# [Task to complete]
Would you retype the entries from the first line to the line bearing "Grilovací kleště LotusGrill (černé)", both included, leaving out every picture?

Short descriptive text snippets
==========

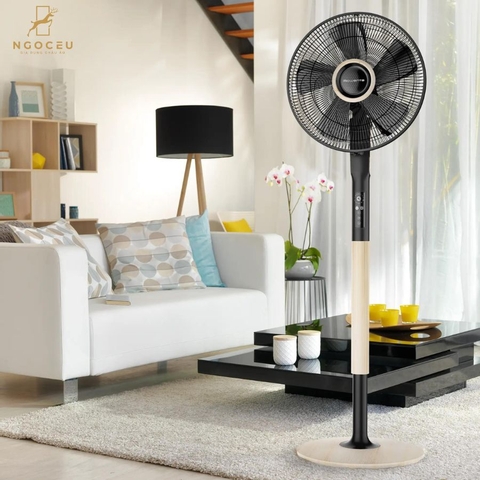 Quạt Cây Rowenta Turbo Silence Extreme VU5880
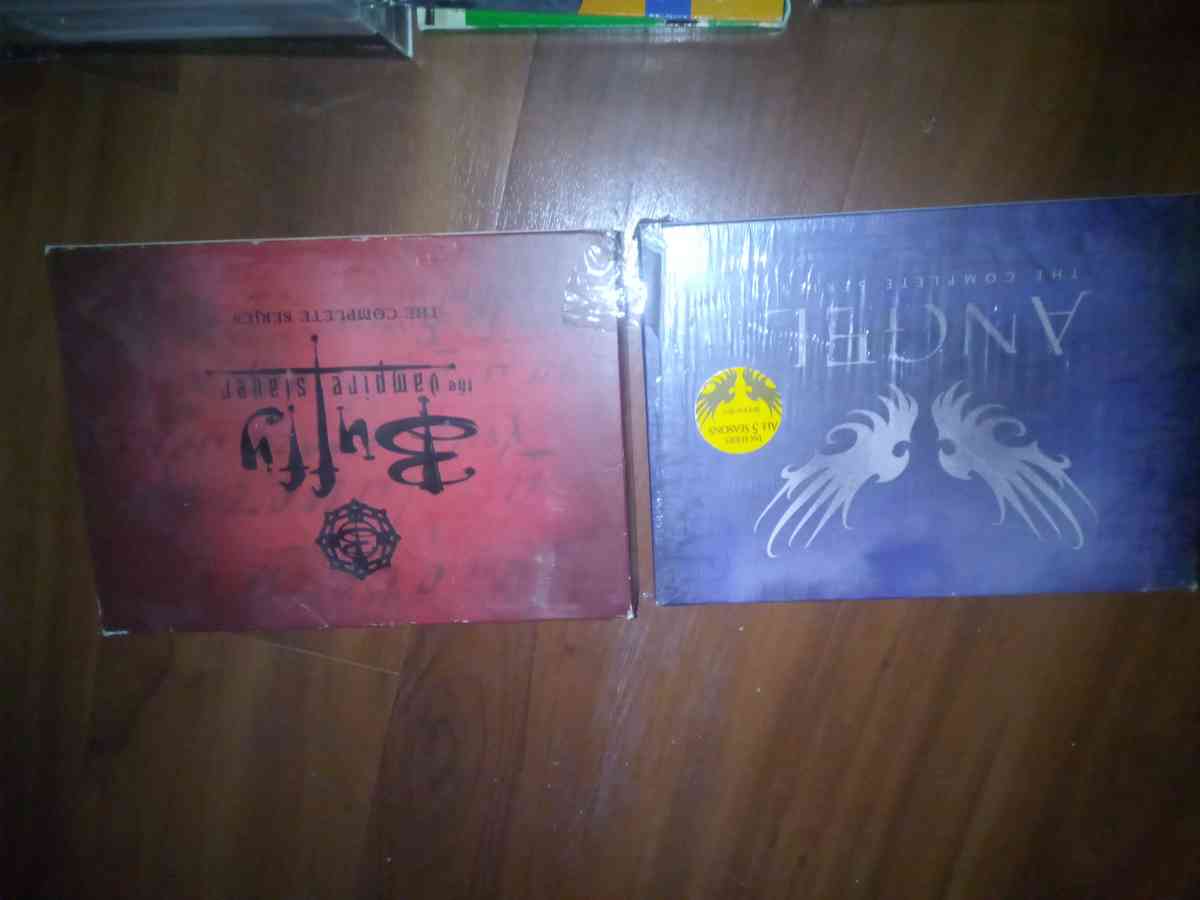 DVDs all genres and tv collections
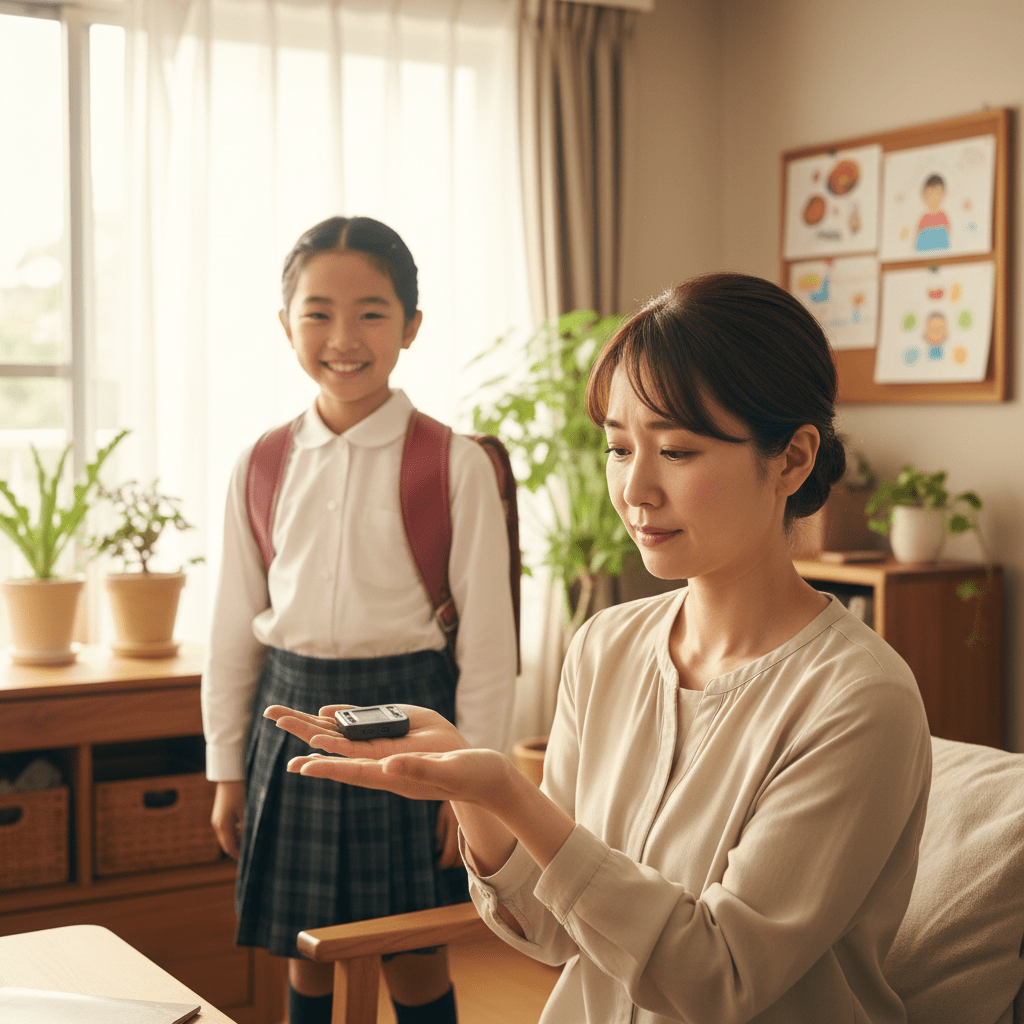 過保護すぎる？ 「過保護」や「監視」と思われないための子ども用GPSの使い方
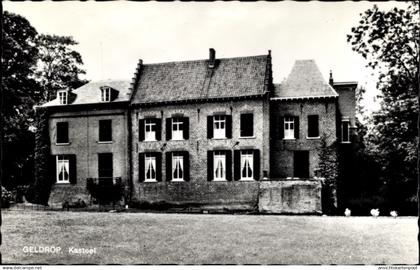 CPA Geldrop Nordbrabant Niederlande, Kasteel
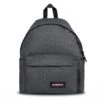 Eastpak Padded Pak'r Rugzak Black Denim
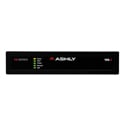 Ashly Audio FX125.2 FX Series Compact 1/2-Rack 4-Channel Installation Power Amp with DSP - 2x125W 4/8 Ohms / 1x250W 70V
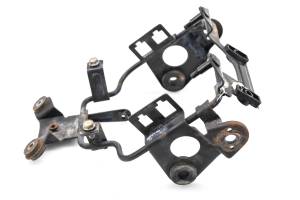 Kawasaki - 84 Kawasaki KL600A Speedometer Support Bracket Mount - Image 2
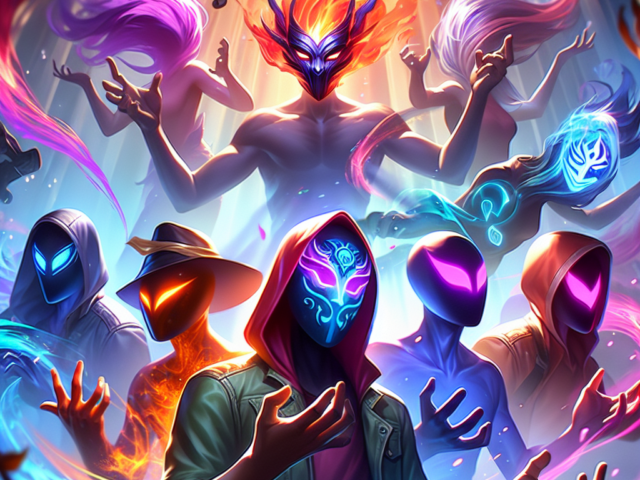 AvatarMobileLegendKeren:MemukauDalamSetiapPertandingan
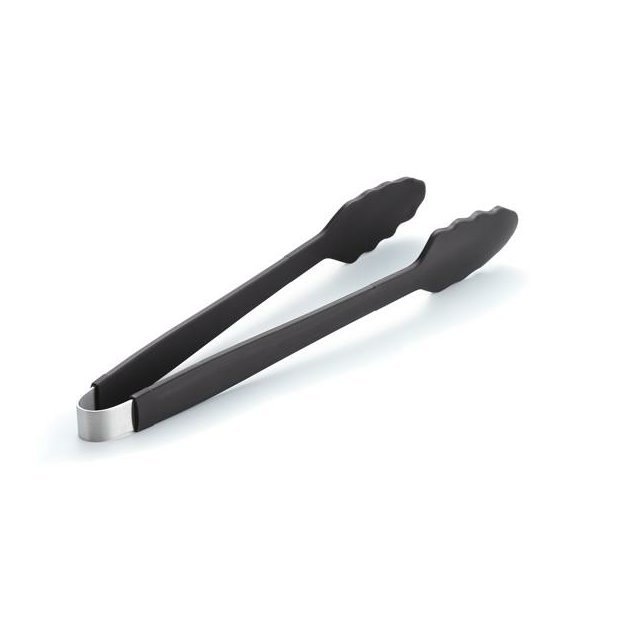 Grilovací kleště LotusGrill (černé)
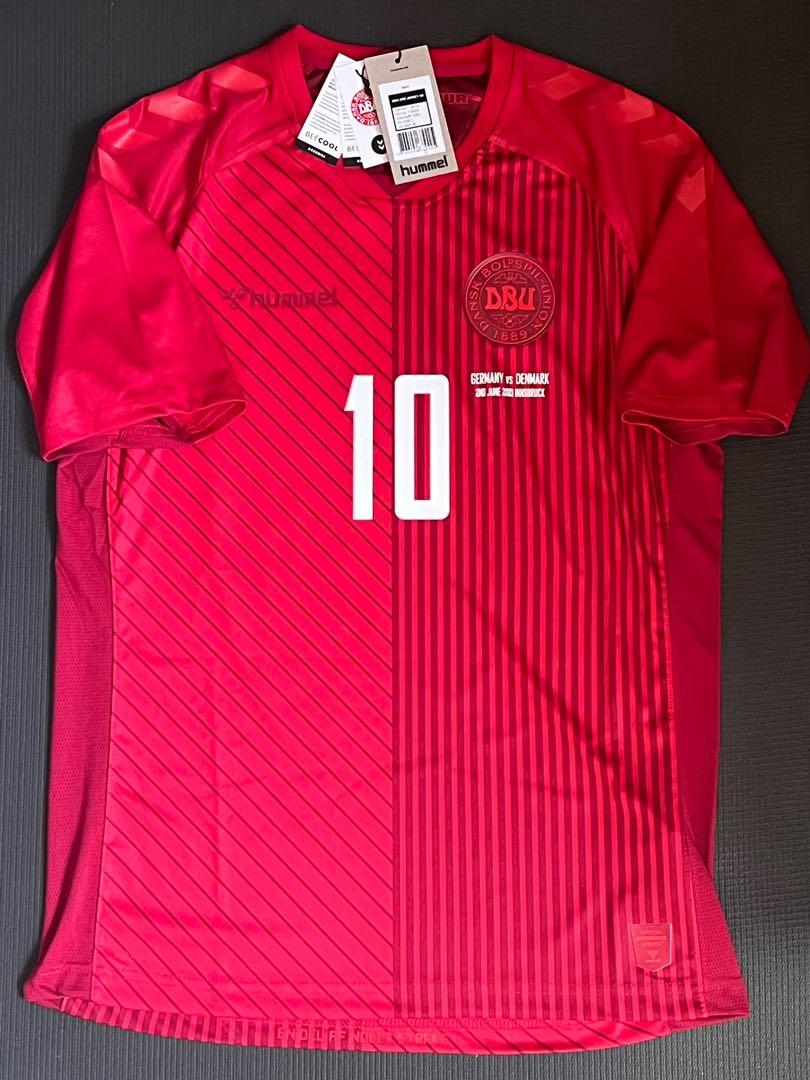 Eriksen denmark jersey hotsell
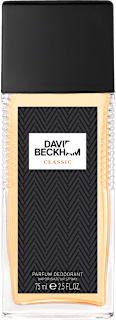 Classic Dezodorant zapachowy męski  DAVID BECKHAM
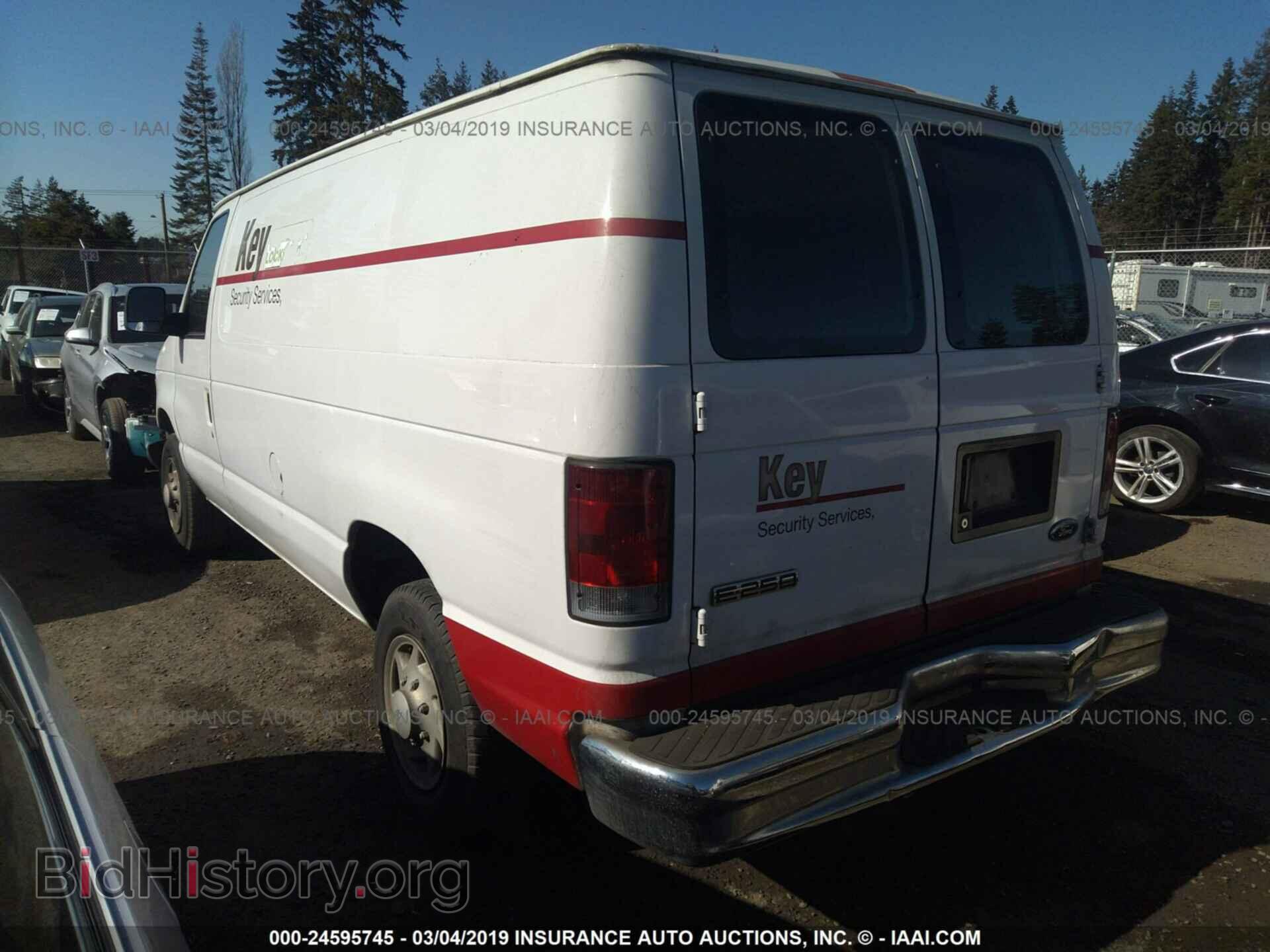 2006 FORD ECONOLINE - VIN: 1FTNE24L46DA74319 - Фото 3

==========

# [Solution to this exercise]
 Quạt Cây Rowenta Turbo Silence Extreme VU5880
 DVDs all genres and tv collections
 過保護すぎる？ 「過保護」や「監視」と思われないための子ども用GPSの使い方
 CPA Geldrop Nordbrabant Niederlande, Kasteel
 Eastpak Padded Pak'r Rugzak Black Denim
 Ashly Audio FX125.2 FX Series Compact 1/2-Rack 4-Channel Installation Power Amp with DSP - 2x125W 4/8 Ohms / 1x250W 70V
 Kawasaki - 84 Kawasaki KL600A Speedometer Support Bracket Mount - Image 2
 AvatarMobileLegendKeren:MemukauDalamSetiapPertandingan
 Grilovací kleště LotusGrill (černé)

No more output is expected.